What Are Interior Angles?
An interior angle is an angle that lies inside a polygon, formed by two of its sides meeting at a vertex. A triangle has three interior angles, a quadrilateral four, a pentagon five — one at every corner.
The same phrase has a second, related meaning. When two lines are crossed by a transversal, the angles in the strip between the two lines are also called interior angles. This article focuses on the polygon meaning, which is the more common search intent, and treats the parallel-lines meaning briefly near the end. Both share the idea of "inside": inside the shape, or inside the region between two lines.
The Sum of Interior Angles Formula
Here is the rule that powers almost every problem on this topic. The sum of the interior angles of any polygon with $n$ sides is:
$$S = (n - 2) \times 180°.$$
The formula is not a fact to memorise — it is built from the triangle. Pick any vertex of an $n$-sided polygon and draw diagonals from it to every other non-adjacent vertex. This slices the polygon into exactly $(n - 2)$ triangles. Each triangle contributes $180°$, and together their angles make up all the polygon's interior angles, so the total is $(n - 2) \times 180°$.
Run the formula across the common polygons:
Polygon | Sides ($n$) | Interior angle sum $(n-2)\times 180°$ |
|---|---|---|
Triangle | 3 | $180°$ |
Quadrilateral | 4 | $360°$ |
Pentagon | 5 | $540°$ |
Hexagon | 6 | $720°$ |
Heptagon | 7 | $900°$ |
Octagon | 8 | $1080°$ |
A reader question that comes up constantly: what is the sum of the interior angles of a hexagon? From the formula, $(6 - 2) \times 180° = 720°$.

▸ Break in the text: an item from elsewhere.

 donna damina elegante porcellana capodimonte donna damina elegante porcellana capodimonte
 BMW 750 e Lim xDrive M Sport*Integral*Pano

One Interior Angle of a Regular Polygon
A regular polygon has all sides equal and all interior angles equal; an irregular polygon does not. The total interior angle sum is the same for both — it depends only on the number of sides — but only in a regular polygon can you find a single angle by dividing.
For a regular polygon with $n$ sides, each interior angle is:
$$\text{each interior angle} = \frac{(n - 2) \times 180°}{n}.$$
So a regular pentagon has each angle $\frac{540°}{5} = 108°$, and a regular hexagon has each angle $\frac{720°}{6} = 120°$. For an irregular polygon you cannot divide like this; you add up the angles you know and subtract from the sum to find a missing one.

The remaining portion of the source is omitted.